[Short descriptive text snippets]
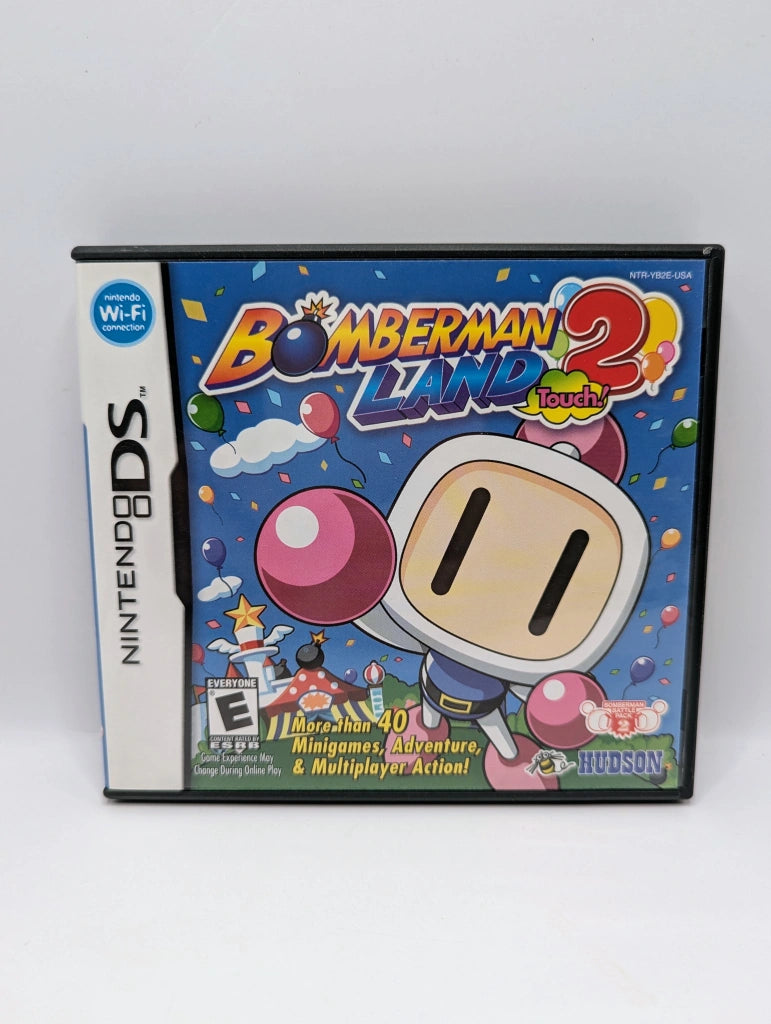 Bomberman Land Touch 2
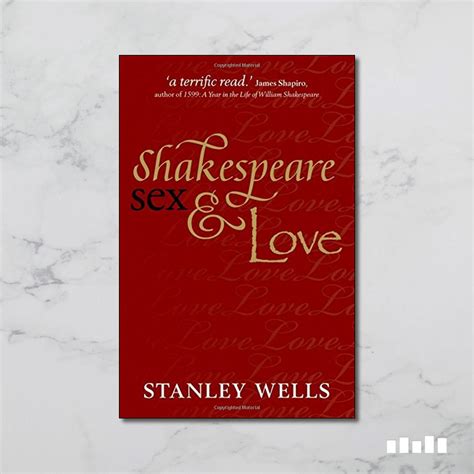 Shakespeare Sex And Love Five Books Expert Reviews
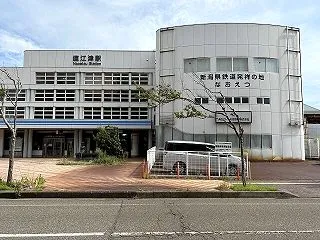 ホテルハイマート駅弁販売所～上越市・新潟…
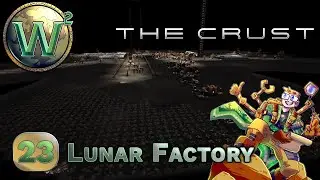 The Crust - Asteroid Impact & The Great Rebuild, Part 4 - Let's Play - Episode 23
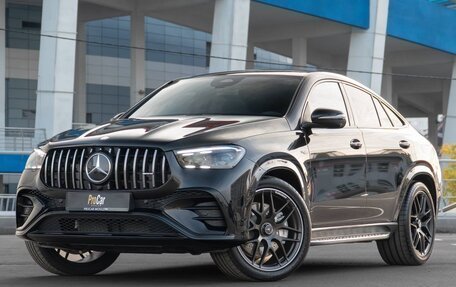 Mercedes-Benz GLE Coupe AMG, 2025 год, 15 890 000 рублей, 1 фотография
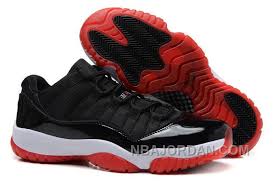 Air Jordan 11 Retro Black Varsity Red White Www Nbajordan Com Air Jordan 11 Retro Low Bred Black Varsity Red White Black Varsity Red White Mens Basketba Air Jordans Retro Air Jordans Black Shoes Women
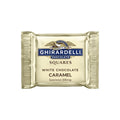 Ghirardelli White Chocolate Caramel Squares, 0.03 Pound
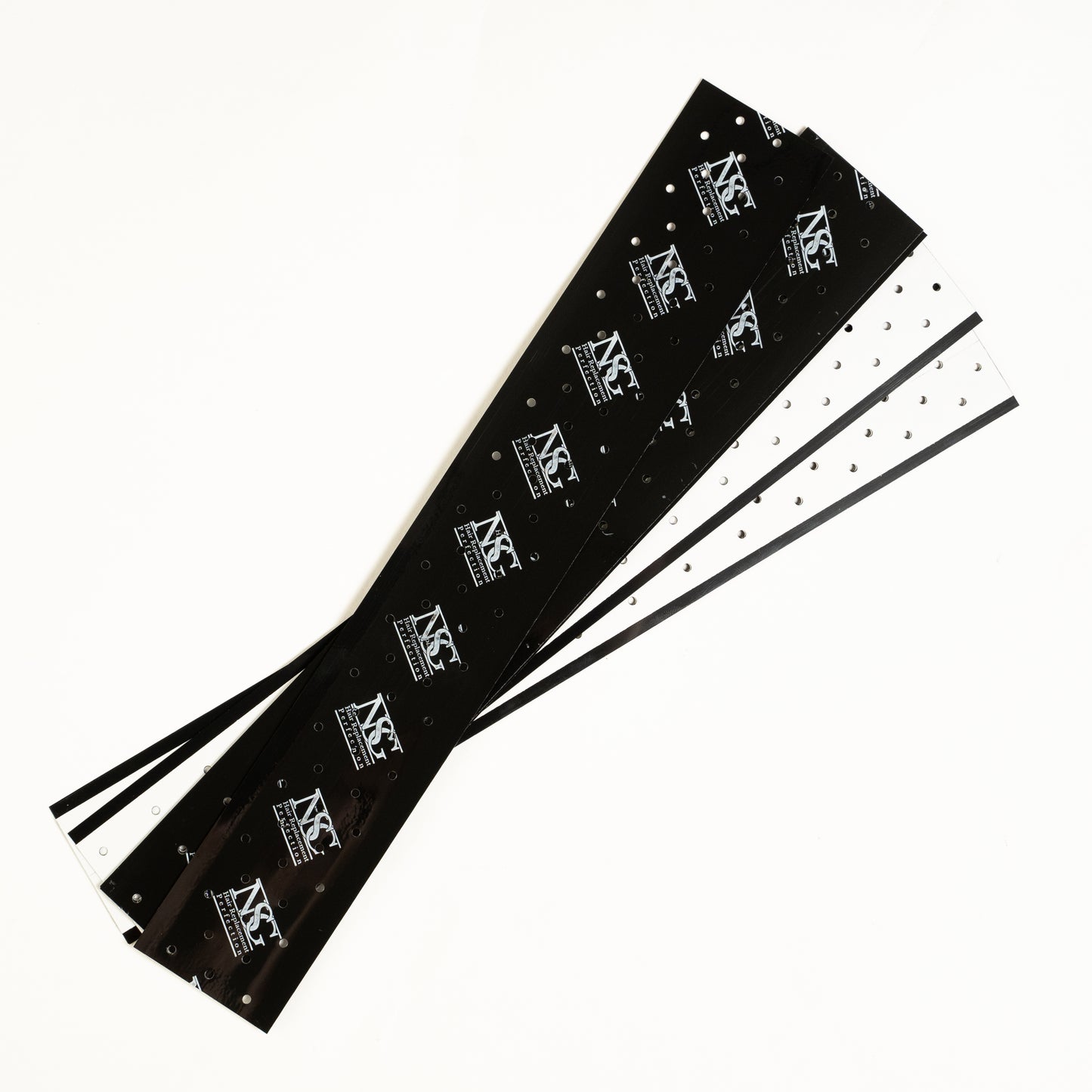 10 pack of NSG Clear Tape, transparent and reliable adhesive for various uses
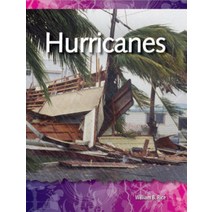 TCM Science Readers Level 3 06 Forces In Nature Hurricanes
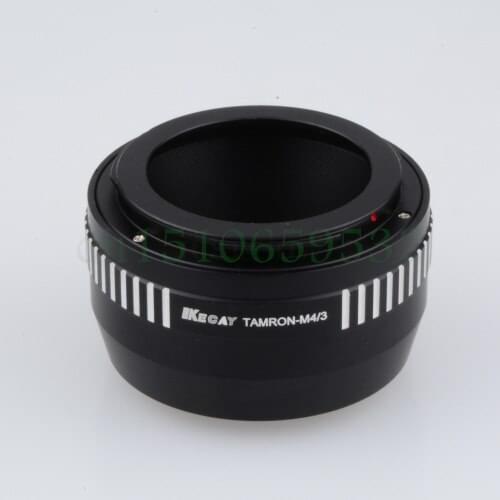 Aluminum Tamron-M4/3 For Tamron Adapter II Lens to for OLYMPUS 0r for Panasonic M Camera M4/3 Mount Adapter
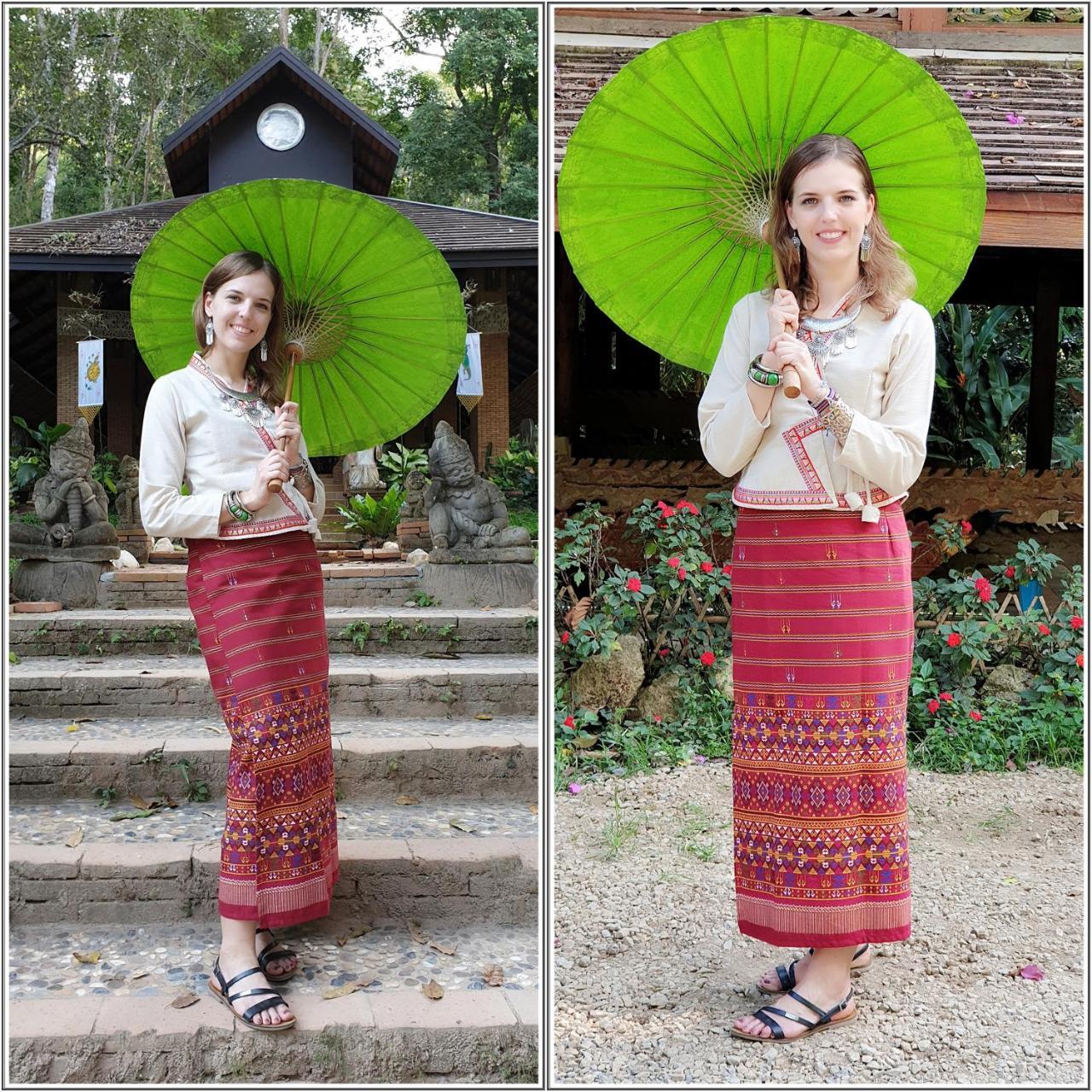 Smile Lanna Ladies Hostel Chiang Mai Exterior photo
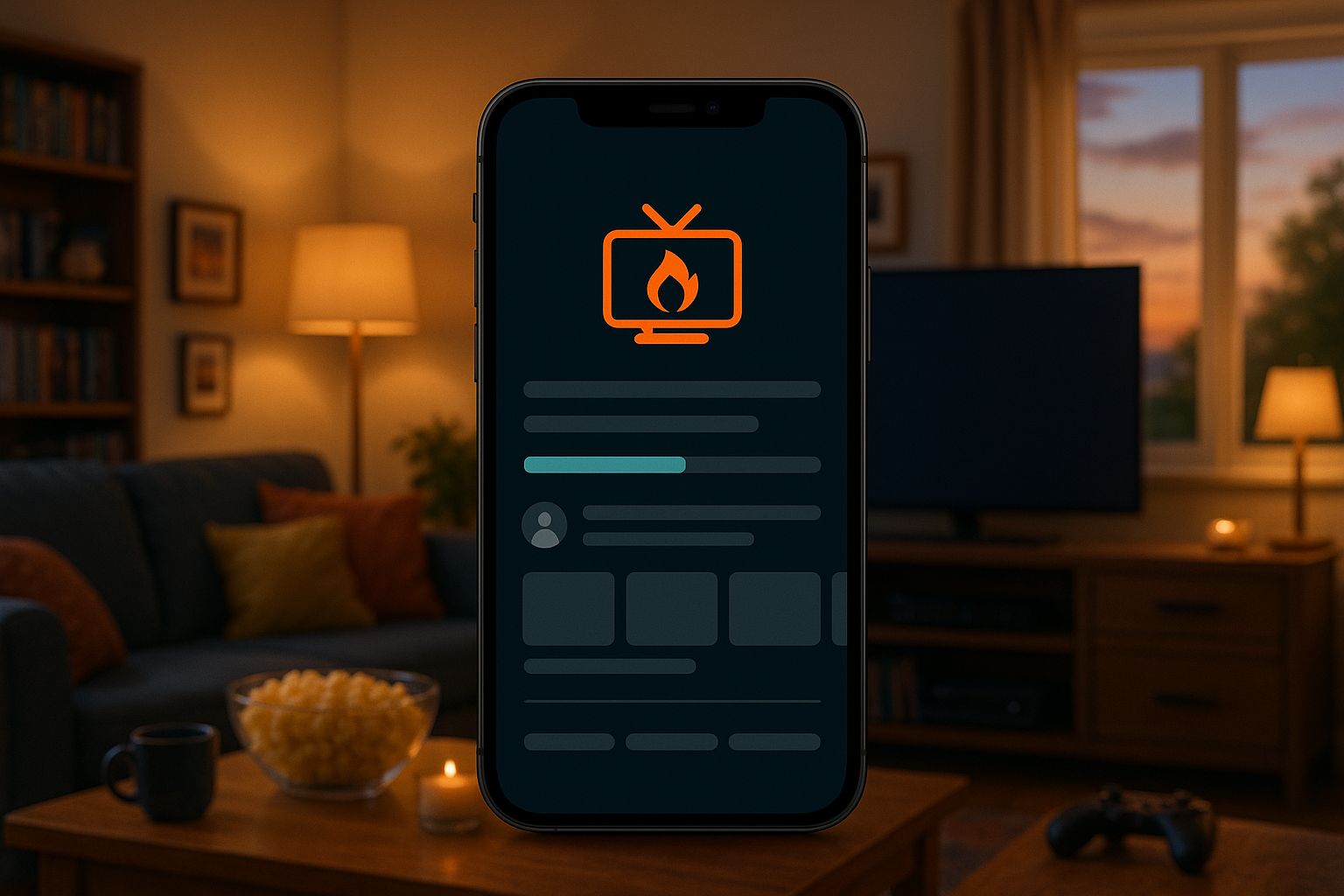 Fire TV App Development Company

- [Problem description]:
The answer consists of the records repeated exactly, without any images.

- [Answer to this exercise]:
 Bomberman Land Touch 2
 Shakespeare Sex And Love Five Books Expert Reviews
 ホテルハイマート駅弁販売所～上越市・新潟…
 The Crust - Asteroid Impact & The Great Rebuild, Part 4 - Let's Play - Episode 23
 Mercedes-Benz GLE Coupe AMG, 2025 год, 15 890 000 рублей, 1 фотография
 Air Jordan 11 Retro Black Varsity Red White Www Nbajordan Com Air Jordan 11 Retro Low Bred Black Varsity Red White Black Varsity Red White Mens Basketba Air Jordans Retro Air Jordans Black Shoes Women
 Ghirardelli White Chocolate Caramel Squares, 0.03 Pound
 10 pack of NSG Clear Tape, transparent and reliable adhesive for various uses
 TCM Science Readers Level 3 06 Forces In Nature Hurricanes
 Aluminum Tamron-M4/3 For Tamron Adapter II Lens to for OLYMPUS 0r for Panasonic M Camera M4/3 Mount Adapter
 Smile Lanna Ladies Hostel Chiang Mai Exterior photo
 Fire TV App Development Company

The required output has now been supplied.